Predicting the future is never easy and that’s especially true when there’s a new administration in Washington. For those in the design-build industry, there are more economic questions than answers. Will President Trump deliver on his promise to rebuild America’s infrastructure? Will Congress fund an infrastructure package?  What role will public-private-partnerships play in Trump’s proposal?  Industry analysts with S&P have looked at all of these issues and their report for the transportation sector in 2017 may provide some hints of what the future could hold, particularly if we do enter a new era of American infrastructure investment.

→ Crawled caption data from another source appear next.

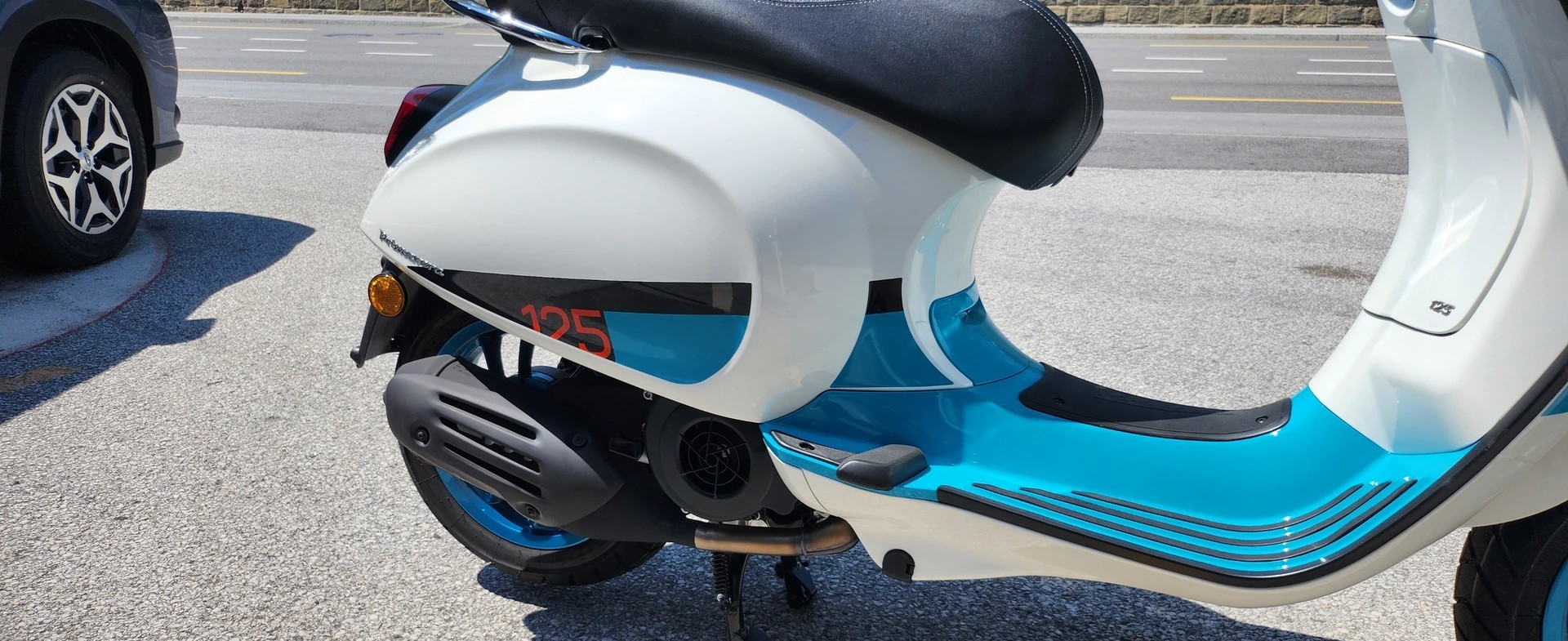 PIAGGIO Vespa 125 Primavera ABS Color Vibe-image-3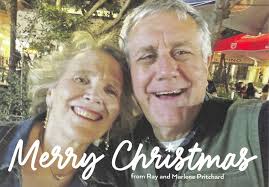 Our 2022 Christmas Card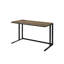 Bureau d'écriture Tyrese & Finish avec USB-857508919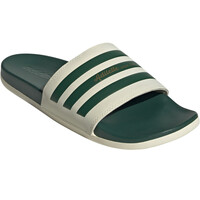 adidas chanclas hombre Adilette lateral interior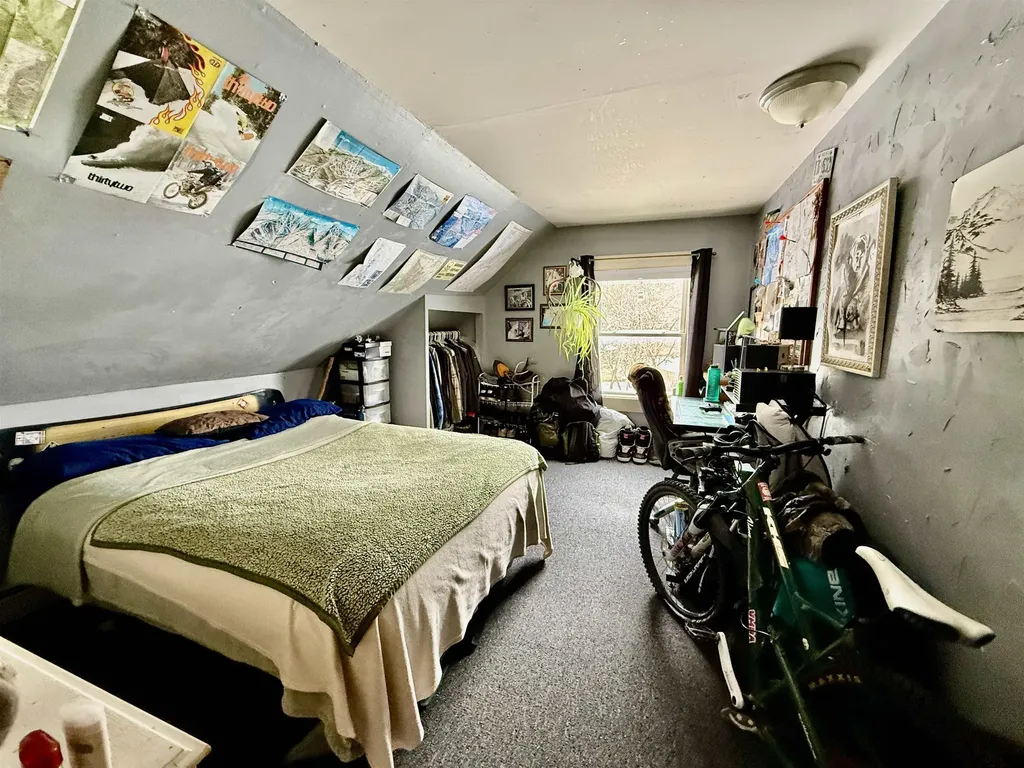 59 & 78 Railroad Street Johnson VT 05656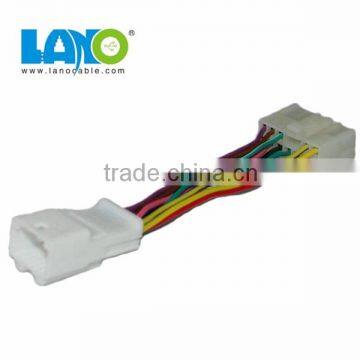 Best automotive connector for wire harness for ford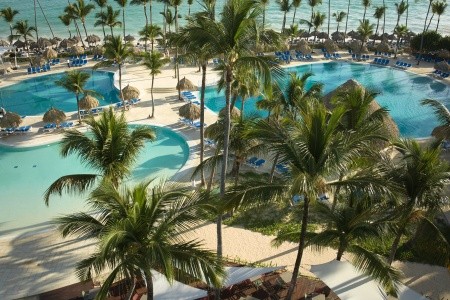 Grand Bahia Principe Punta Cana - 54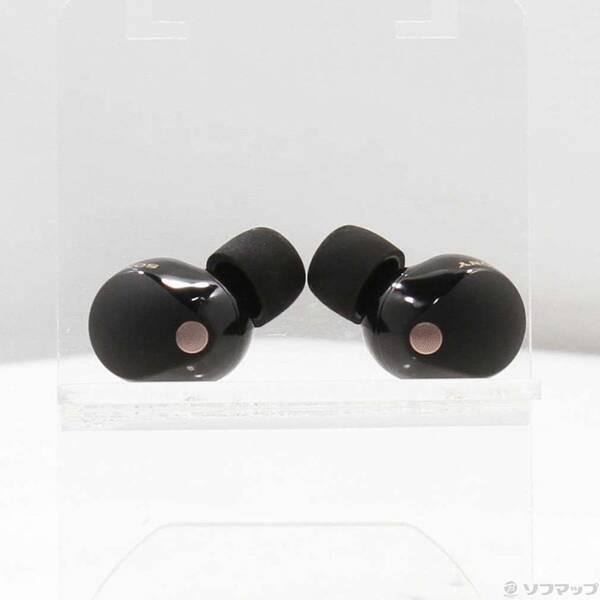 〔中古〕SONY(ソニー) WF-1000XM5 ブラック〔352-ud〕 | 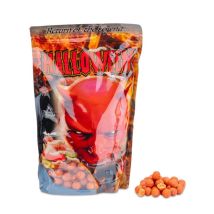 Bouillette Anaconda Halloween Boilie - 1kg 16mm - Pour Pêche de la Carpe - Pêcheur.com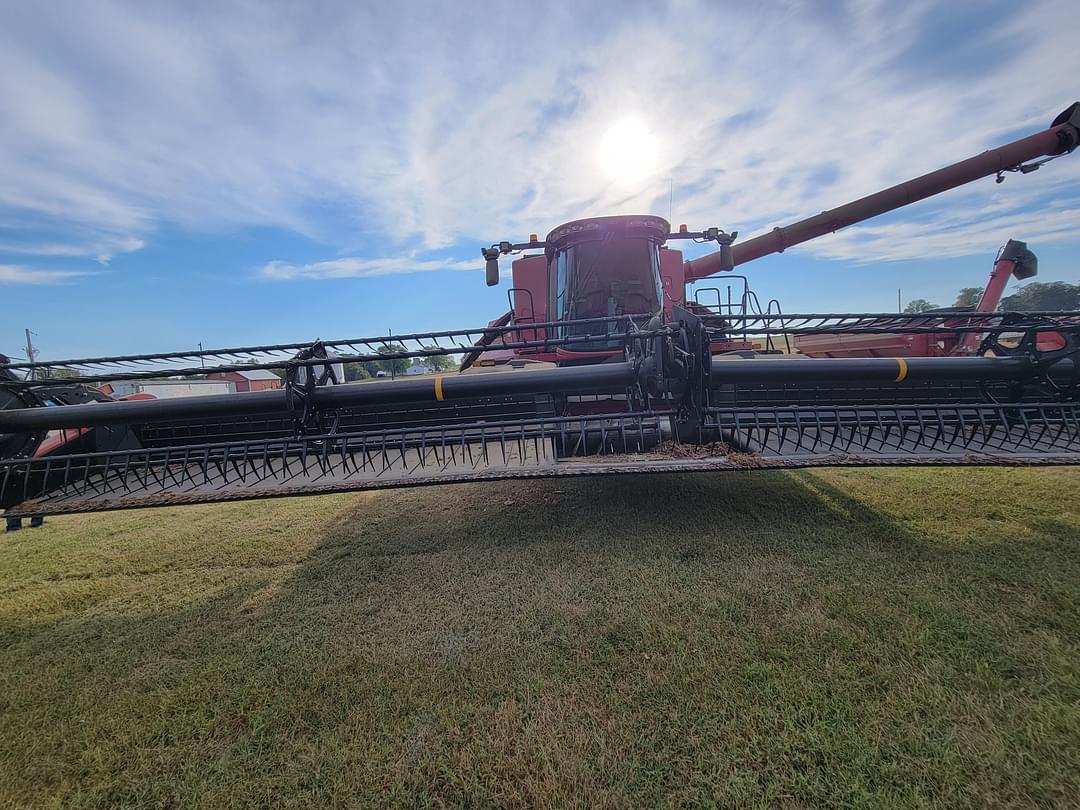 Image of Case IH 2162 Primary image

The “U.S. Public Finance Transportation Sector 2017 Outlook” issued by S&P Global Ratings reports, “the public finance transportation sector as a whole is strong.”

The current forecast by S&P economists predicts transportation sectors will see 2.4% growth in 2017 and 2.3% in 2018.  While a federal infrastructure investment package is far from a sure thing, economists say their “upside scenario” including passage of tax cuts and $170 billion infrastructure program would boost growth in transportation to 2.8% in 2018 but then revert to 2.2% once the stimulus begins to fade.  That’s the optimistic prediction.  The report says, “A key question remains: will a consensus plan for direct federal spending for infrastructure overcome the obstacle that prevented a large-scale initiative in recent years – namely, how to pay for it. We believe a modest plan is likely, the size and scale being the subject of negotiation between Congress and the administration.”

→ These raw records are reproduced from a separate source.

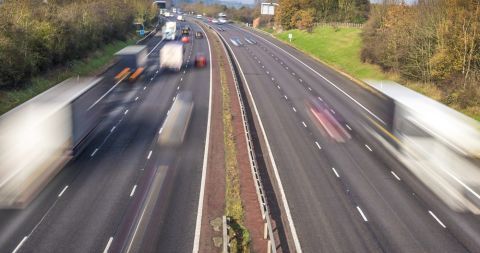 Autobahn St 3 Autobahn St 3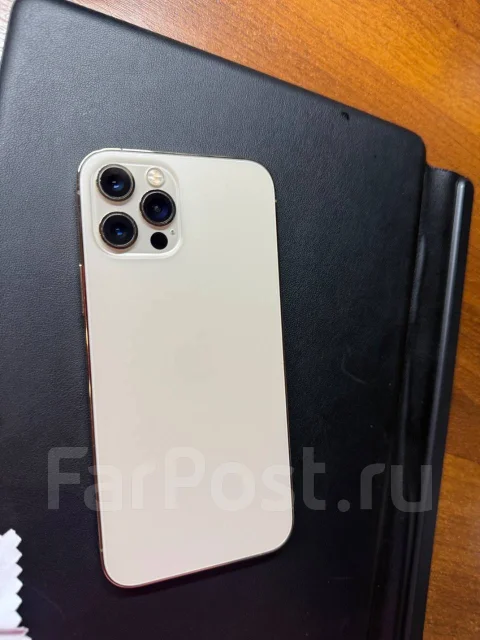Apple iPhone 12 Pro. �/�, 256 ��, ������� ����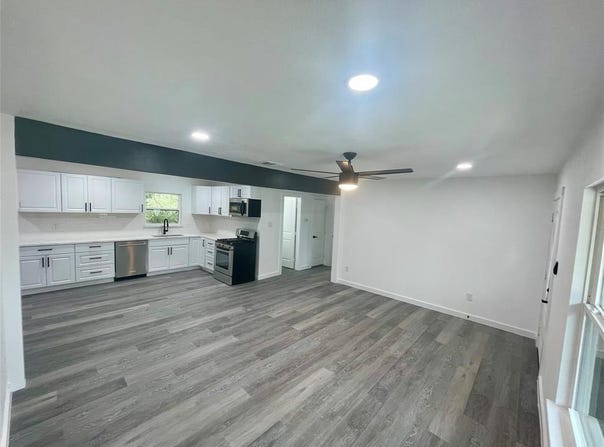 120 Charlene Drive, Hurst, TX 76053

However, as we’ve seen nationwide, the states aren’t waiting for Congress to act.  S&P reports, “In 2016, 24 states approved 267 ballot measures, including tax increases for $207 billion in transportation infrastructure spending over the next 40 years.”

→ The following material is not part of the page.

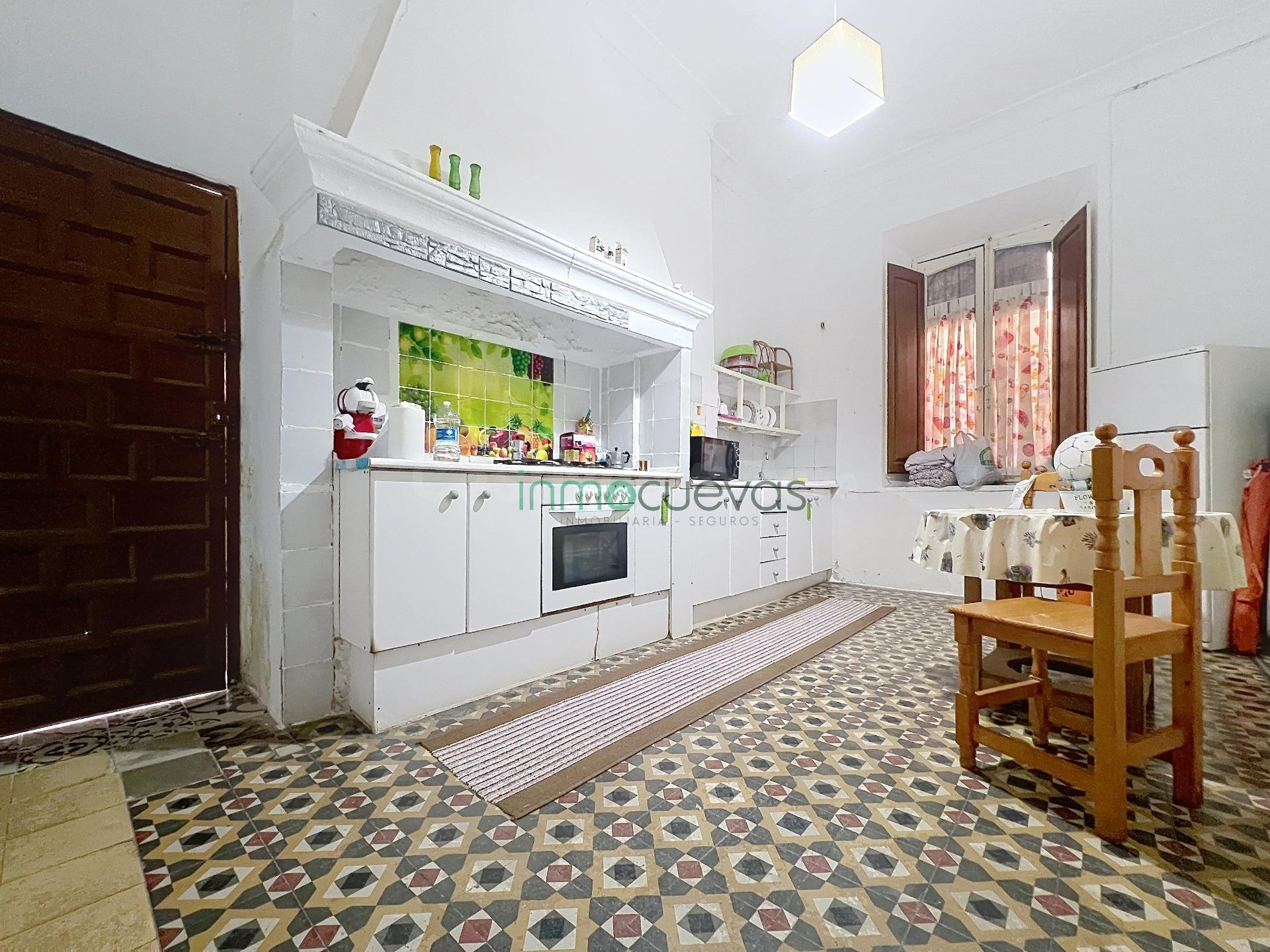 Encantadora Casa Clásica en Vera - Ideal para Reformar - foto 4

2016 was also an excellent year for design-build in state houses around the nation.  There were legislative victories in 21 states, with improved design-build authority, public-private partnership authority or successes in turning back efforts to limit those authorities.  Currently half the states in the nation have full authority to use design-build, while 17 other states allow it to be widely used.  That leaves only eight states, as of the writing of this article, where design-build remains a limited option.   A Design-Build Institute of America survey of state Departments of Transportation show an 800% increase in projects in 2016 when compared to 2002.

Despite rare bipartisan agreement and recognition of the need for increased infrastructure investment, there is no easy answer to the critical question of “how do we pay for it?”  While the figures vary, the most recent report by the American Society of Civil Engineers (ASCE) gave the U.S. infrastructure a D+ in its annual report card, estimating that we need to invest $3.6 trillion by 2020 to upgrade it to acceptable levels.  With current funding levels unable to fully address the funding gap, part of the solution is for industry leaders to help our nation reevaluate how we are spending the limited funds available.

One thing is clear; the design-build industry is ready to help our nation deliver on the promise of increased infrastructure investment by delivering projects faster and more cost-effectively, with fewer changes, fewer claims and less litigation.